特許文献1の制御装置は、負荷条件を、単一の数値を用いて、言い換えれば、単一のスカラー値を用いて定量的に表現する。特許文献1の制御装置では、単一の数値の負荷条件によって表現できない場合、第2閾値の値は不正確になり、判定の結果も誤検知、見逃しなどが発生しやすいものとなる。機械装置の状態の変化を負荷条件によって表現できない場合の例としては、機械設備の状態が時間的に複雑に変化する場合、機械設備の負荷条件は同一で、外部環境が変化する場合などを挙げることができる。本実施の形態の異常検知装置1によれば、時系列の信号を利用した条件学習を行う。そのため、学習モデル生成時と評価時(検知時)との間に複雑な変化が発生した場合でも、正確に判定を行うことができる。
The control device of
本実施の形態に説明した異常検知装置1の一例は、状態信号生成部11、条件信号生成部15、状態特徴量生成部12、条件特徴量生成部16、初期状態学習部13、初期条件学習部17、異常度計算部14、及び、未知度計算部18を備える。
An example of the
状態信号生成部11は、機械装置2の状態を時系列に検出した状態信号ssを生成する。条件信号生成部15は、機械装置2の運転の状況を示す運転条件を時系列に検出した条件信号csを生成する。状態特徴量生成部12は、状態信号ssに基づいて状態特徴量scを生成する。条件特徴量生成部16は、条件信号csに基づいて条件特徴量ccを生成する。
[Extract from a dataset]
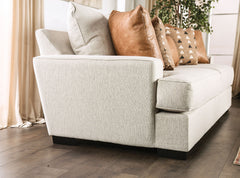 New meadows Sand/Caramel Sofa & Loveseat - Ornate Home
初期状態学習部13は、初期状態学習時の状態特徴量scである初期学習用状態特徴量lscに基づき学習した結果を初期状態学習結果slrとして出力する。
The
初期条件学習部17は、初期条件学習時の条件特徴量ccである初期学習用条件特徴量lccに基づき学習した結果を初期条件学習結果clrとして出力する。異常度計算部14は、初期状態学習結果slr又は追加状態学習結果aslrを状態学習結果として取得し、状態学習結果と検知時の状態特徴量scである検知用状態特徴量dscとに基づいて異常度anを計算する。未知度計算部18は、初期条件学習結果clr又は追加条件学習結果aclrを条件学習結果として取得し、条件学習結果と検知時の条件特徴量ccである検知用条件特徴量dccとに基づいて未知度unを計算する。ここで、条件特徴量ccの検知時と状態特徴量scの検知時とは同じであることが望ましい。
The initial
また、本実施の形態の異常検知装置1は、異常判定部19を備えてもよい。異常判定部19は、異常度anと未知度unとに基づいて機械装置2の異常を検知する。また、上記の異常判定部19は、異常度anがあらかじめ定めた第1のしきい値より大きく未知度unがあらかじめ定めた第2のしきい値より小さい場合に機械装置2の状態を異常と判定する。また、異常度anが第1のしきい値以下であるか又は未知度unが第2のしきい値以上である場合に機械装置2の状態が正常であると判定してもよい。
Further, the
また、条件特徴量生成部16は、複数の時点の条件信号csから算出した複数の統計量を条件特徴量ccとして生成してもよい。また、条件特徴量生成部16は、時系列の条件信号csの周波数解析による周波数特性を条件特徴量ccとして生成してもよい。また、機械装置2はモータ20に駆動されて動作してもよい。そして、運転条件оcは、モータ20の位置、モータ20の速度、モータ20の加速度、モータ20のジャーク、モータ20の駆動力のうちの少なくともいずれかひとつの時間応答の形状を規定する制御信号としてもよい。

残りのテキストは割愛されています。